1. 1.
    +24 -6
    """"ön edit: """"
    hafızamı biraz daha zorlayarak anlattıklarımı biraz daha detaylandırdım.
    bazı hayatların sıraları değişti. gecikme için ayrıca özür dilerim.
    """"ön edit: """"

    hatırladığım ilk hayat tarih öncesi çağlara ait
    bundan öncesi yok. siz nasıl hatırlamıyorsanız önceki hayatlarınızı, ben de bundan öncesini hatırlamıyorum.

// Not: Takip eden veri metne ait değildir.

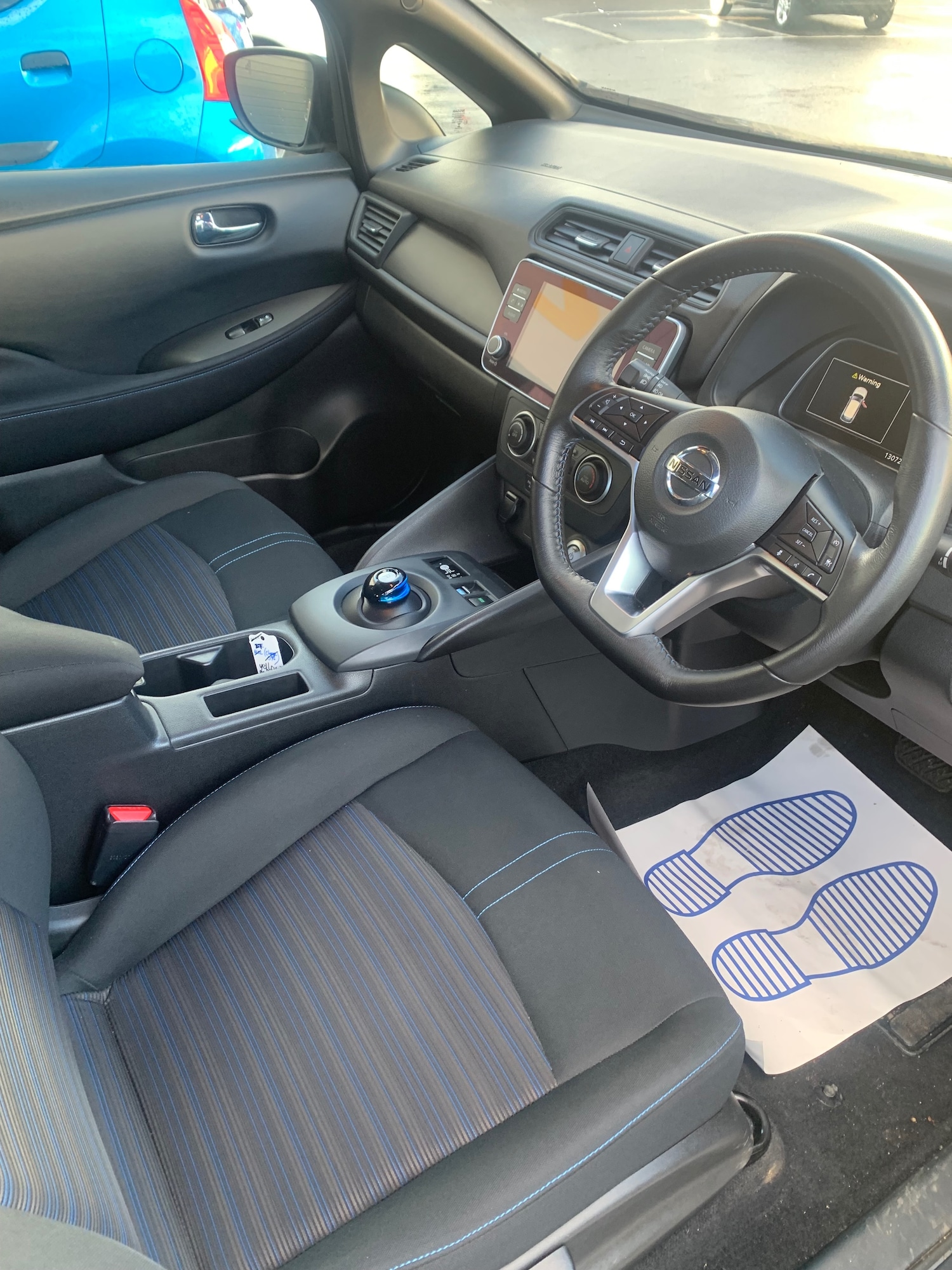 Used Nissan Leaf 2021 for sale - 77392716: Photo 7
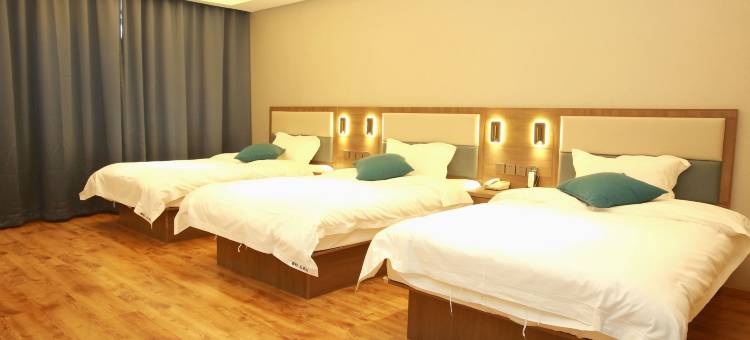 如家睿柏·云酒店(邢台火车站新兴桥店)图片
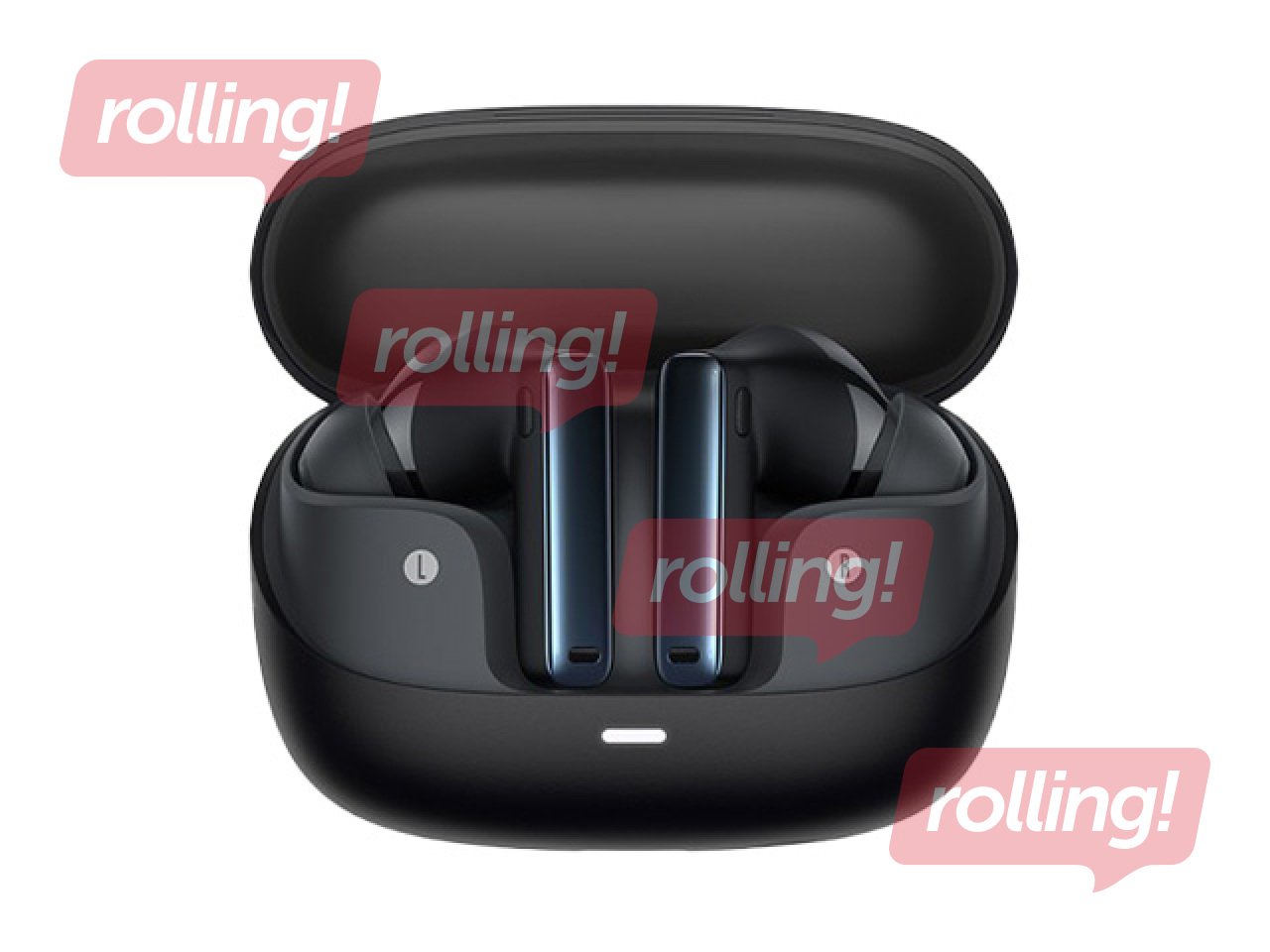 Baseus TWS Bowie M2s wireless earphones (black)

    siyahlarla dolu bir hayat.
    toplasan 20 kişi var etrafımda. ateşin etrafında toplaşıp, iniltili şarkılar söylediğimizi hatırlıyorum.
    akrabalık derecemi bilmediğim 20 kişi...
    kadın erkek sayısı yarı yarıya. hangisi anam, hangisi bacım bilmiyorum *

    babam belli gibi...
    adı "kül"
    grubun en irisi, en cesuru,
    gözlerinin içine bakmaya korkuyor herkes.
    bazen gidiyor bir yerlere... bir süre gelmiyor.
    bazen bir geliyor, ağzı burnu kanlar içinde, topal, yaralı.
    bazen bir geliyor, yanında bir kadın, kadının elinde parlak taşlar ve et.
    yeri hep belli Kül'ün. mağaranın en üst basamağı onun.
    oraya kıvrılıp yatıyor kül.
    homurdayarak uyuyuor ve bazen bağırarak uyanıyor. ya da uyandıktan sonra bağırıyor. bilemiyorum.
    kadınlar onun, herşey onun.
    boyum uzadığında ( yani mağaranın girişinden eğilerek geçecek kadar olduğumda ) kül uzaklara daha az gider olmuştu.
    artık daha sık aidiyet bildiriyordum ona.
    kafasını bir anda getirip alnıma vuruyordu, gözlerimin içine bakmaya çalışıyor, orada bir şeyler arıyordu sanki.
    daha önce gruptaki ergen erkeklerden biri onun bu ritüeline homurdanarak cevap vermişti, hatırlıyorum. anında burnunu ısırıp sonrasında öldürene kadar kafasını taşlara vurmuştu.
    ne yapmamam gerektiğini biliyordum.
    sadakatimi sunmuştum her seferinde.
    ama bir gün bunun yeterli olmadığına karar verdi sanırım.
    göğsünü şişirip şişirip beni itekledi.
    gitmenin zamanı geldi diye düşünüyorduk ikimiz de.
    o gitmemi istiyordu, ben gitmek zorunda olduğumu biliyordum.
    kaçtım...
    dışarıda 3 güneş doğuşu ve batışı süren bir yağmur vardı.
    yuvarlanarak veya zıplayarak, kayalardan aşağı indim.
    kısa ağaçların olduğu alana geldiğimde güneş doğmuştu artık.
    akşama kadar yürüdüm.
    hava kararırken ileriden gelen ateşler gördüm.
    saklanmak yerine onlara da aidiyet sergilemeliyim diye düşündüm.
    ama 4 ateş huzmesi daha bana tam yaklaşmamıştı ki, ince bir ıslıkla gökte süzülen mızrağı gördüm.
    omzumdan giren mızrak arka taraftan çıkmıştı.
    bağırmadım, sızlanmadım. Kül'ün öğrettiği birşey di bu. bağırırsam gelenler daha da sinirlenecekti.
    dizlerimin üstüne çöktüğümde geldiler.
    birisi bu başarılı atışını kutlarcasına zıplıyor ve kahkahalar atıyordu.
    en iri yarı olanı gelip saçlarımdan tuttu. kafamı kaldırıp yüzüme baktı.
    ben gözlerine bakmadım.
    beni yere itti.
    bir diğeri elindeki mızrağı kalçama sapladı.
    artık hiç hareket edemiyordum.
    iri yarı olanı sırtındaki kurt postunun içinden keskin ve sivri bir taş çıkardı.
    boğazıma sapladı.
    ellerine ve yüzüne sıçrayan kanı silmedi, bağırmadı.
    gözlerim kararırken diğerlerinin zafer çığlıkları kulaklarımı son kez dolduruyordu.
    sonrası karanlık zaten, tahmin edersiniz.